Wednesday, November 11, 2009

British Columbia is so bogged down in regulations, it is a miracle of bureaucracy the place exists at all

Liberals and NDP should get behind the mining industry


British Columbia has been faithful to the federal Conservative Party. In the election a year ago, it returned 22 Conservative MPs to the House of Commons and gave the party 44 per cent of the vote. Only nine New Democrats and five Liberals were sent to Ottawa from the province, drawing 26 per cent and 19 per cent of the vote respectively.

The Conservative ridings represent the heartland, the locus of B.C.'s vast resource wealth. Mining rules in these regions where deposits of gold, copper, zinc and coal have attracted people and investment for 150 years. The value of mineral sales in B.C. last year was $6.6 billion, and roughly 14 per cent of provincial exports, or $4.6 billion, was metallic minerals and fabricated metal products.

In 2008, the mining industry paid government $545 million in direct taxes, levies and payments related to employment. Speaking of jobs, mining companies employed 7,607 workers directly last year while the B.C. government figures the mineral and metal economy accounts for 28,000 jobs. And these are highly paid jobs. Average annual compensation in salary and benefits tops $112,000.

The provincial government seems to understand all this and has taken steps to enhance B.C.'s mining industry's competitiveness. For example, harmonizing the provincial sales tax with the federal goods and services tax, which the government has promised to do in July 2010, is expected to reduce the cost of building a mine by $10 million and cut operating expenses by $1 million a year. The province has also given a green light to a $404-million transmission line through northwestern B.C. that could create $15 billion in private investment. The federal government has pledged to cover $130 million of the cost.

Yet no major mines of sufficient size to replace the soon-to-close Kemess and Huckleberry mines have been opened in more than a decade. The main stumbling block is regulation; specifically, a duplicate approval process that delays projects for years.

B.C. has argued that Ottawa should leave regulation and permitting to the provinces to prevent delays in developing mines. But the federal government is dragging its feet, apparently because some provinces are not ready to take on that responsibility. B.C. boasts a relatively efficient environmental assessment process and there's no need for Ottawa to conduct its own. The federal government could simply rubber stamp B.C.'s rulings under a bilateral agreement -- of the sort it routinely negotiates with Quebec.
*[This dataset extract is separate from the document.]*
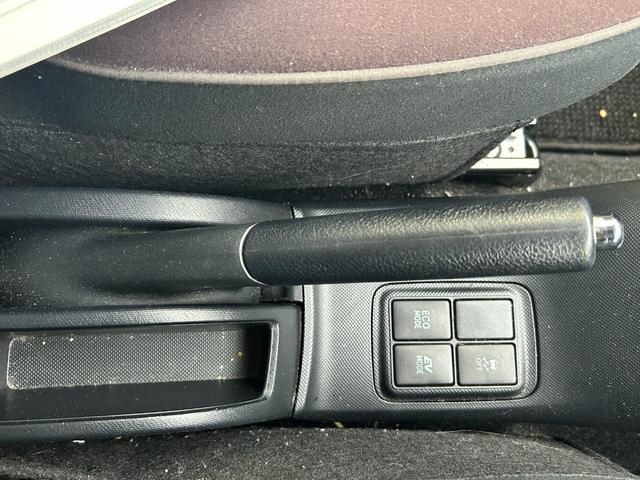 アクア G トヨタ純正ナビ・バックカメラ・LEDライト・ETC・プッシュスタート・イモビライザー・クルーズコントロール・キーレスエントリー・オートエアコン・パワーウィンドウ・モード切替・電動格納ウィンカーミラー(36枚目)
The state of other provincial regulatory regimes need not be a factor.

Perhaps the Conservative government is wary of taking on the potentially controversial issue of relinquishing control over environmental assessments of mining projects while in a minority position. But other parties should see that it is in their interest to support the measure.
Outside the urban areas, NDP strength is in Skeena and the southern Interior. Skeena is home to Galore Creek, a property held jointly by NovaGold and Teck Resources, thought to be one of the world's largest undeveloped copper-gold-silver deposits. It is also the location of the Red Chris mine, approved by the province in 2005, but tied up ever since by the federal process and litigation.

In the southern Interior, Copper Mountain, with a reserve of five billion pounds of copper, could be producing 100 million pounds a year by 2011 if the approvals process can be accelerated.
The federal NDP should align itself with those who want to develop these mines and create highly paid, unionized jobs. Incidentally, the mining industry is the largest private sector employer of first nations workers in the province.

Similarly, the federal Liberals must recognize that many of their urban supporters depend on the mining industry for their Howe Street jobs. About 60 per cent of Canadian exploration companies are based in B.C., most with headquarters in Vancouver. It is the nation's capital for exploration financing. Thousands of consulting, accounting, banking, legal, engineering and other professional jobs are closely tied to the mining industry.

All parties have common cause in helping the mining industry overcome this bureaucratic barrier and support the minority government when it proposes to delegate environmental impact and other assessments to the province.

Additionally, as we've urged before, the province needs to set up a one-stop approvals shop, like the Oil and Gas Commission, to allow the mining industry to realize its full potential.